::: MATERIAL FOR THIS TASK

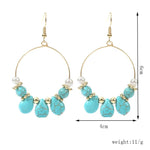 Geometric Round Turquoise Beaded Earrings - EX-STOCK CANADA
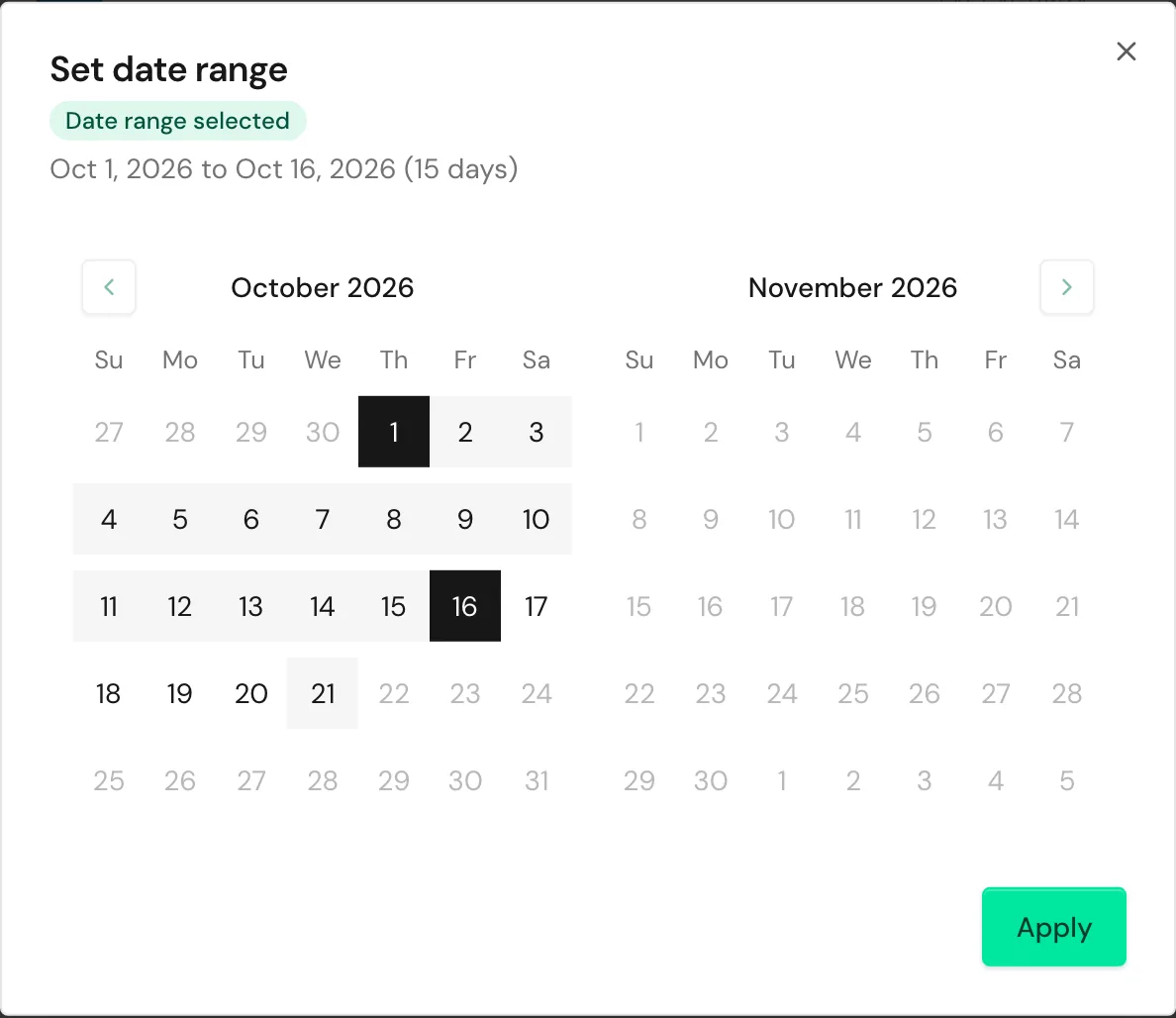 The Set date range window with a selected range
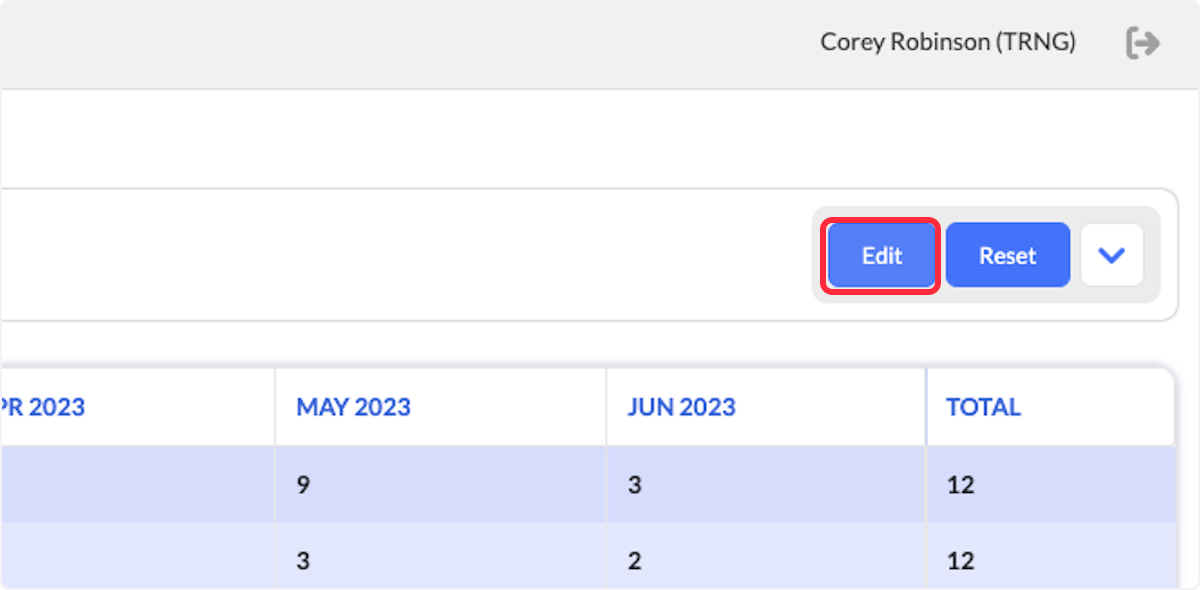 Click on Edit to update the parameters of the search. 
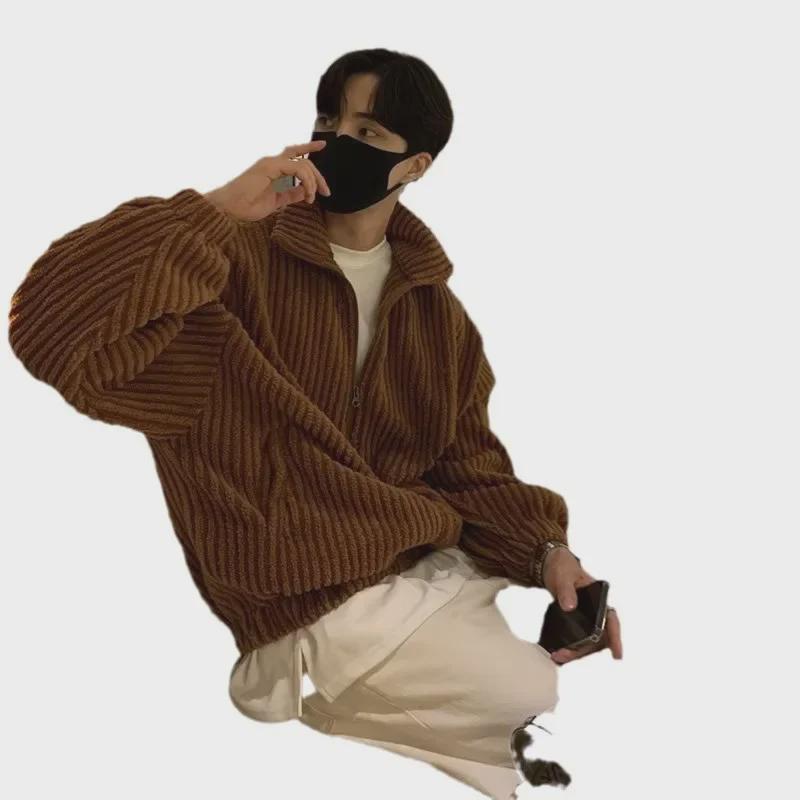 Men's Trendy Korean Style Brown Corduroy Jacket - Warm Casual Stand Collar for Autumn and Winter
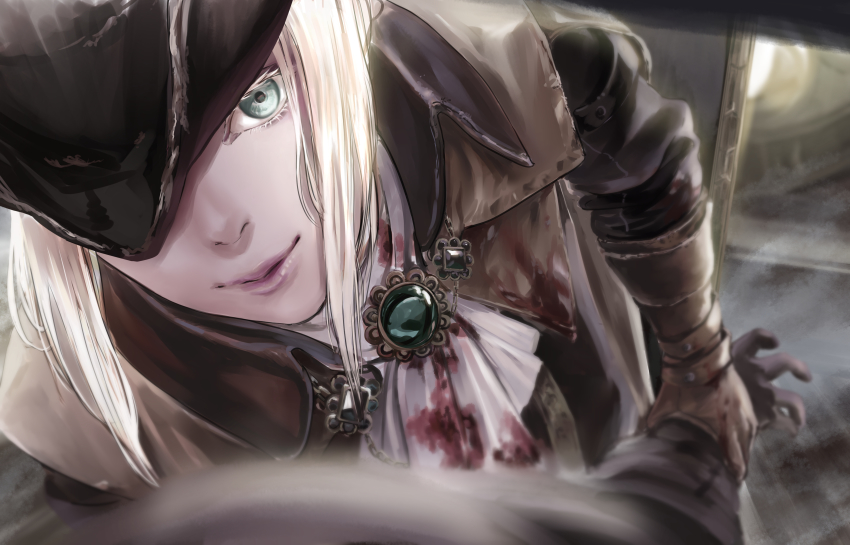 1girl, absurdres, ascot, blonde_hair, blood, bloodborne, blue_eyes, cape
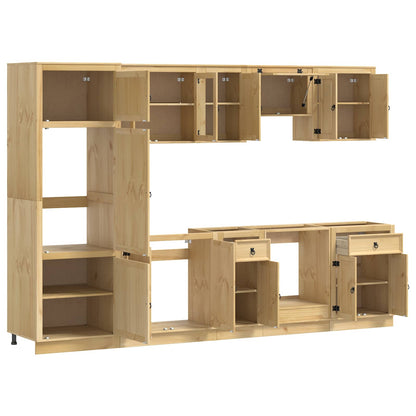 Cabinet SKI 9 pcs Honey Brown Solid Pine Wood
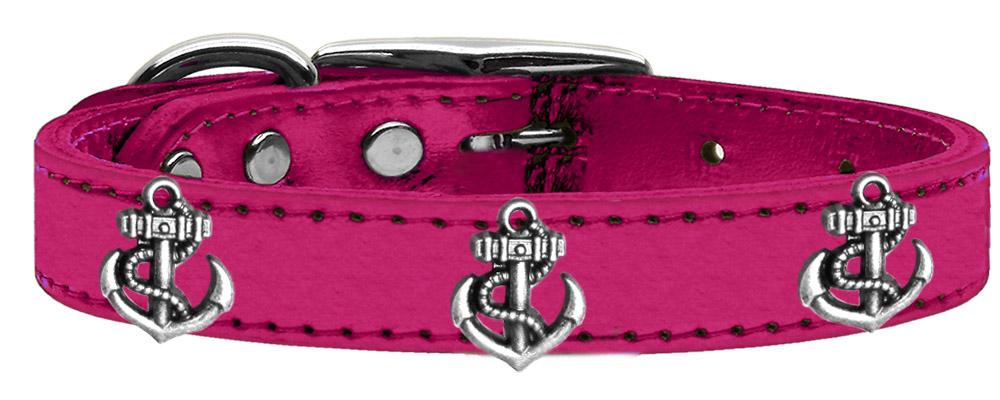 Silver Anchor Widget Genuine Metallic Leather Dog Collar Pink 12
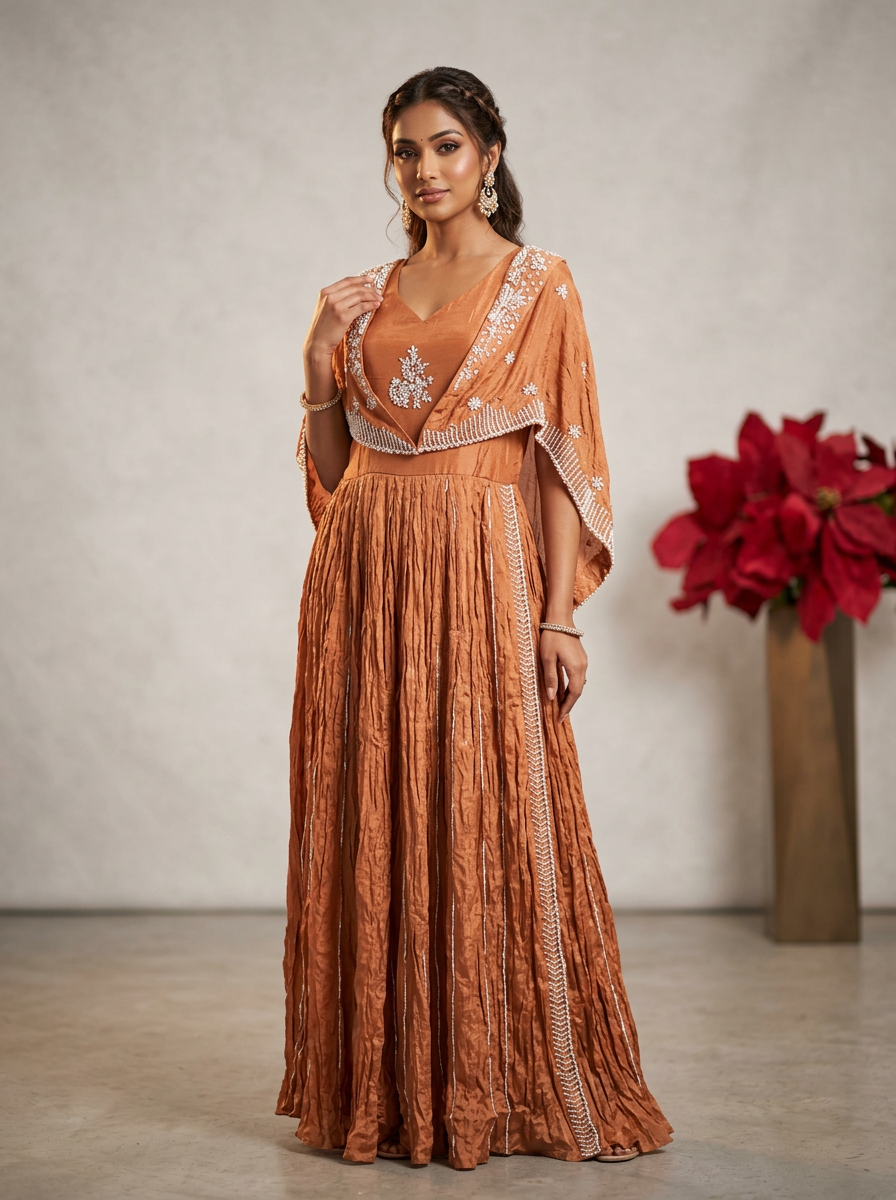 Rust & Pearl Crinkle Anarkali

::::::

__PROBLEM REQUIREMENTS__. The whole listing should be printed again exactly as written, images excluded.

__EXERCISE RESULT__.
 Geometric Round Turquoise Beaded Earrings - EX-STOCK CANADA
 The Set date range window with a selected range
 Click on Edit to update the parameters of the search. 
 Men's Trendy Korean Style Brown Corduroy Jacket - Warm Casual Stand Collar for Autumn and Winter
 1girl, absurdres, ascot, blonde_hair, blood, bloodborne, blue_eyes, cape
 Cabinet SKI 9 pcs Honey Brown Solid Pine Wood
 Silver Anchor Widget Genuine Metallic Leather Dog Collar Pink 12
 Rust & Pearl Crinkle Anarkali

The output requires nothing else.